| Task data |
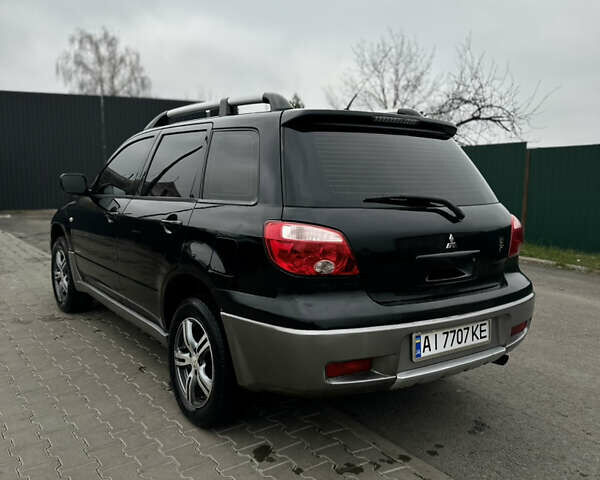 Чорний Міцубісі Аутлендер, об'ємом двигуна 2 л та пробігом 297 тис. км за 6200 $, фото 2 на Automoto.ua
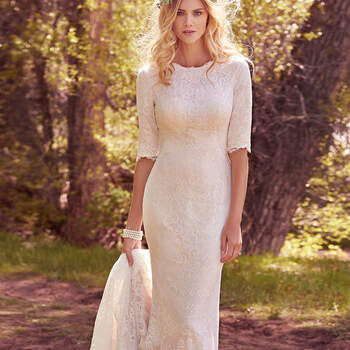 Elegant and demure, this allover lace fit-and-flare features 
elbow-length sleeves and a classic jewel neckline. Lined with Inessa jersey, and accented with a frayed scalloped hemline and back ruching. Finished with covered buttons over zipper closure. 
<a href="https://www.maggiesottero.com/maggie-sottero/mckenzie-marie/10163?utm_source=mywedding.com&amp;utm_campaign=spring17&amp;utm_medium=gallery" target="_blank">Maggie Sottero</a>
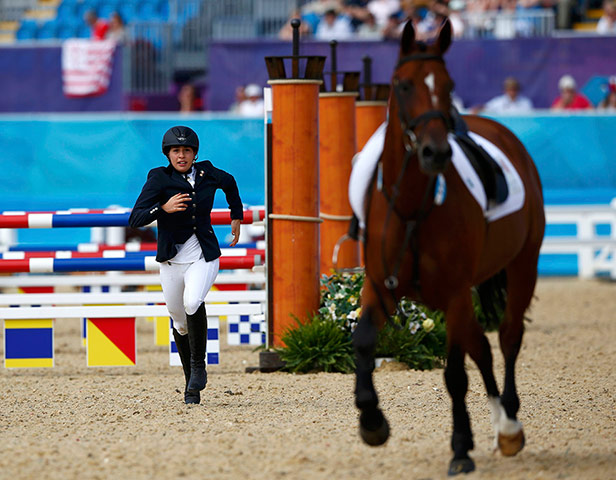 Pentathlon: Mexico's Tamara Vega runs after her horse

| Task goal |
Without including the pictures, reproduce all entries exactly.

| Output of the task |
 Чорний Міцубісі Аутлендер, об'ємом двигуна 2 л та пробігом 297 тис. км за 6200 $, фото 2 на Automoto.ua
 Elegant and demure, this allover lace fit-and-flare features 
elbow-length sleeves and a classic jewel neckline. Lined with Inessa jersey, and accented with a frayed scalloped hemline and back ruching. Finished with covered buttons over zipper closure. 
<a href="https://www.maggiesottero.com/maggie-sottero/mckenzie-marie/10163?utm_source=mywedding.com&amp;utm_campaign=spring17&amp;utm_medium=gallery" target="_blank">Maggie Sottero</a>
 Pentathlon: Mexico's Tamara Vega runs after her horse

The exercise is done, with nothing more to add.